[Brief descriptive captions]
Segment Open

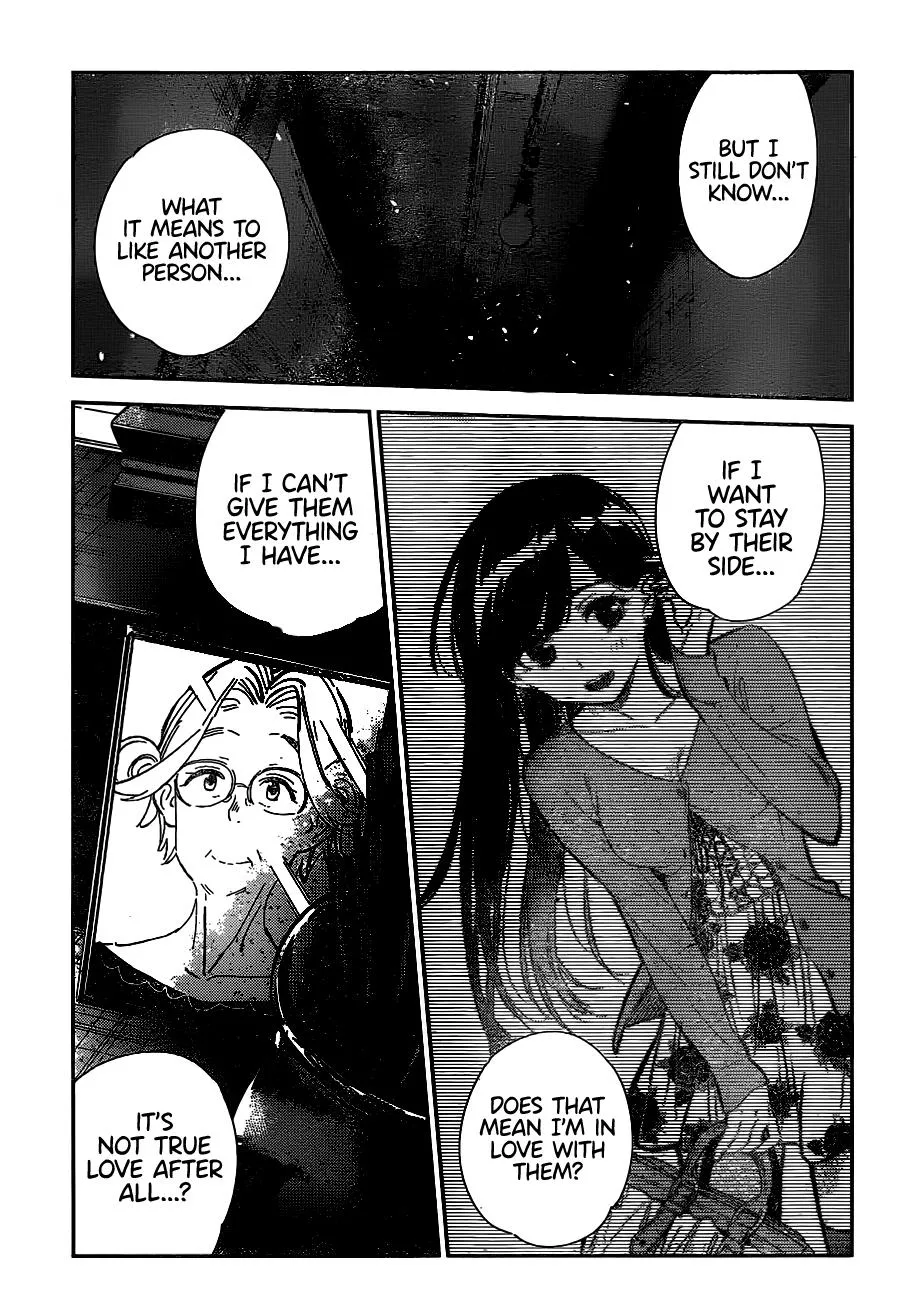 Read Kanojo, Okarishimasu chapter 268 image 11 on Lezhin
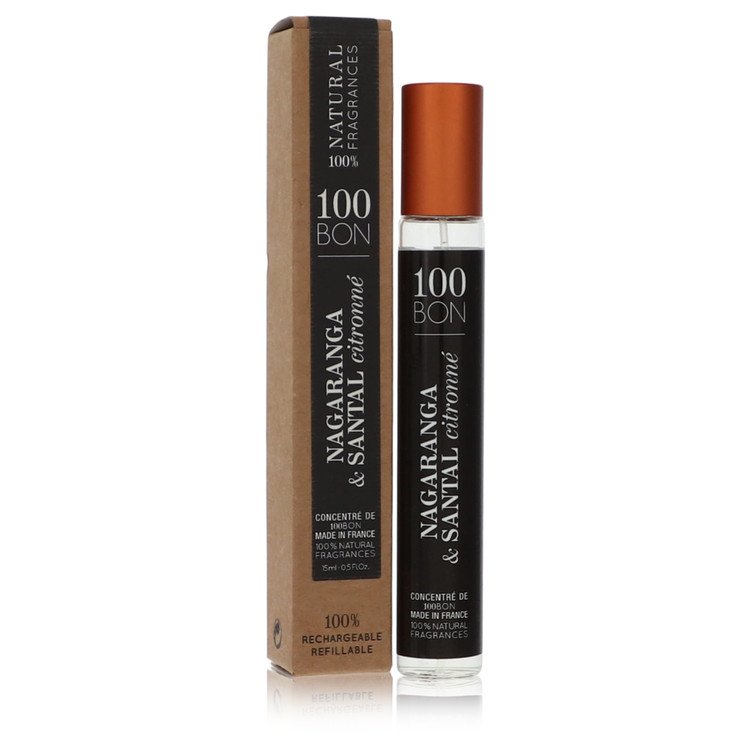 100 Bon Nagaranga & Santal Citronne Mini Concentree De Parfum (Unisex Refillable) By 100 Bon - Giftsmith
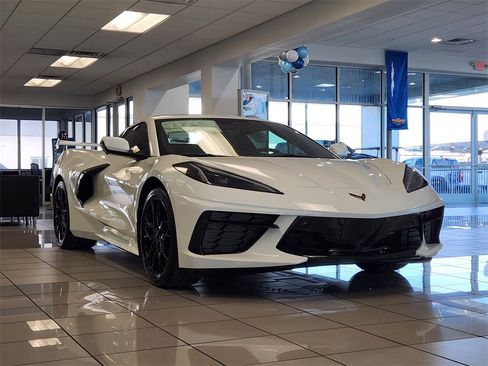 New 2026 Chevrolet Corvette Stingray Preferred Conv w/ Battery Protection Package image 2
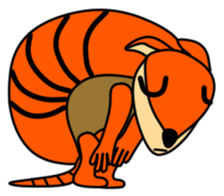 JIN-JIN Armadillo Life sticker #5294274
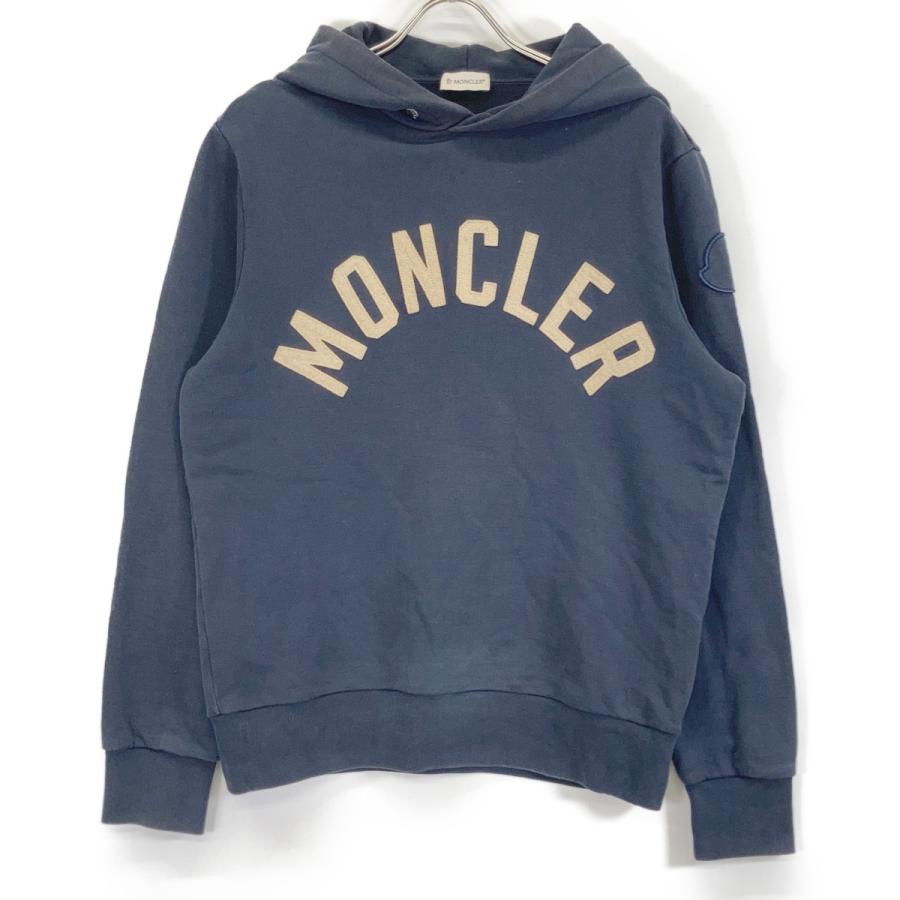 MONCLER（モンクレール） H20918G00050 ロゴワッペン プルオーバー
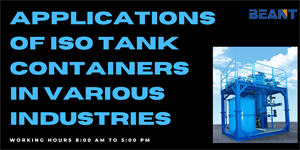 Applications of ISO Tank Containers in Various Industries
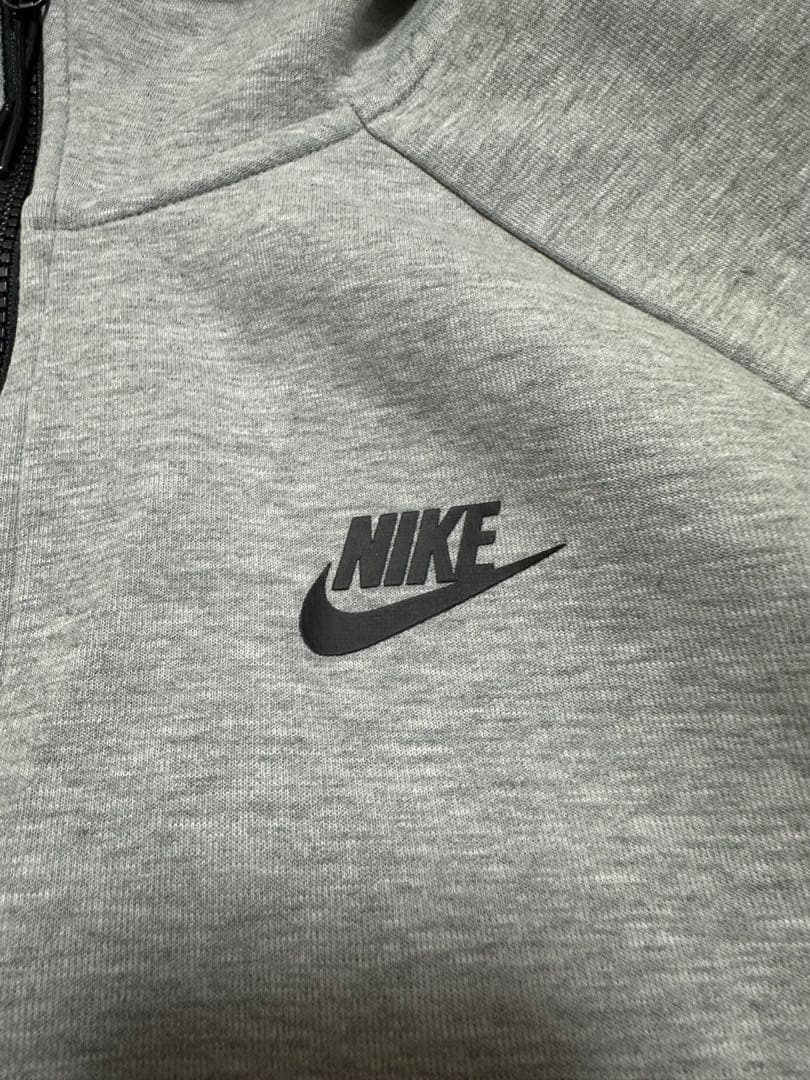 Nike テックフリース グレー 初期　上M 下S セットアップ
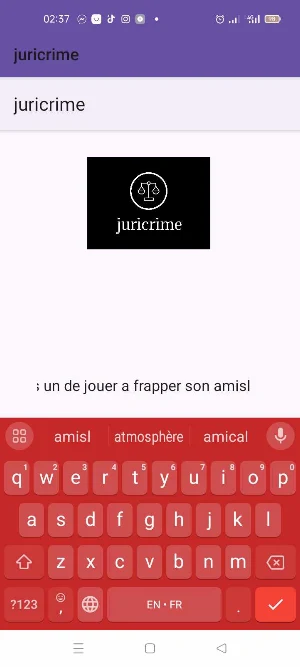 juricrime Screenshot 0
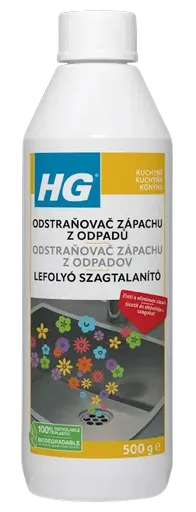 HG 624 - Odstraňovač zápachu z odpadov 0,5 L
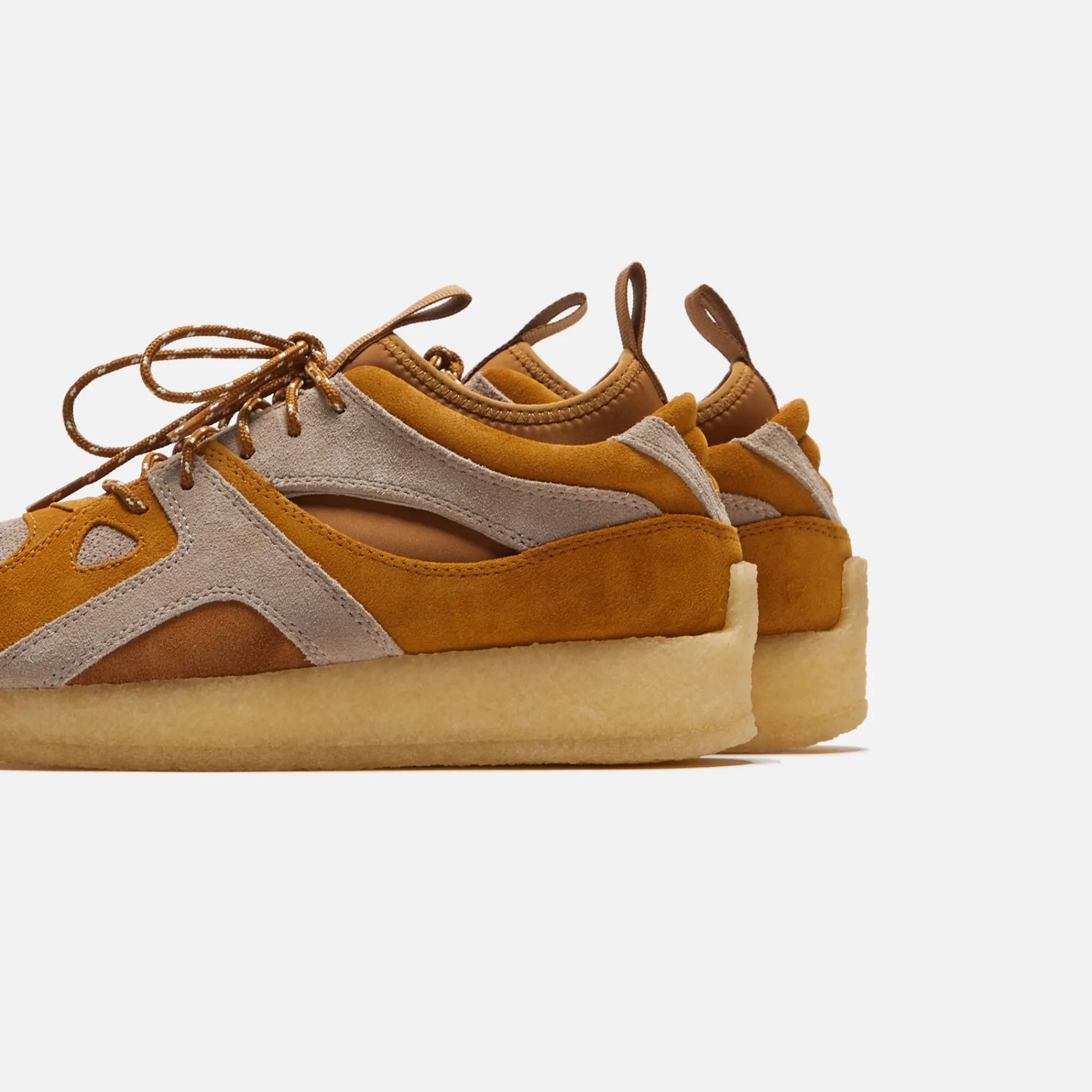 Outlet Clarks 8Th Street Breacon Light Brown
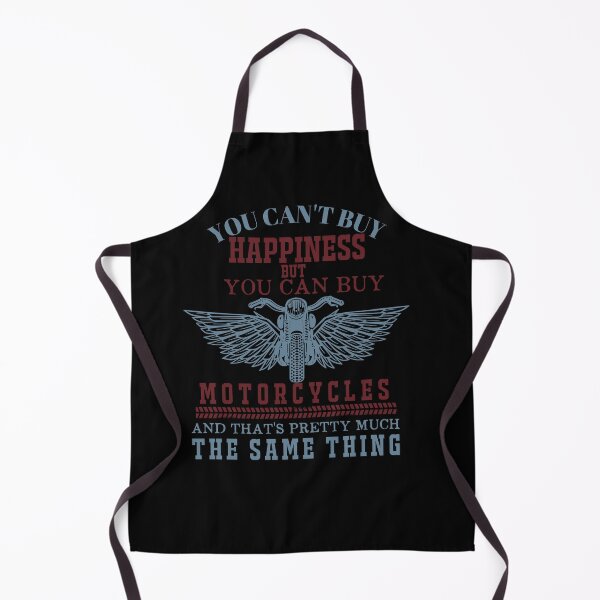 Item preview, Living That Motorcycle Life: You Can't Buy Happiness But You Can Buy Motorcycles  designed and sold by EmiAndMike.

Segment Closed

- _ABOUT THIS TASK_: Reproduce, with no pictures, the lines from the one containing "Applications of ISO" to the end of the records above, exactly and inclusively.

- _ANSWER BOX_:
 Applications of ISO Tank Containers in Various Industries
 Nike テックフリース グレー 初期　上M 下S セットアップ
 juricrime Screenshot 0
 HG 624 - Odstraňovač zápachu z odpadov 0,5 L
 Outlet Clarks 8Th Street Breacon Light Brown
 Item preview, Living That Motorcycle Life: You Can't Buy Happiness But You Can Buy Motorcycles  designed and sold by EmiAndMike.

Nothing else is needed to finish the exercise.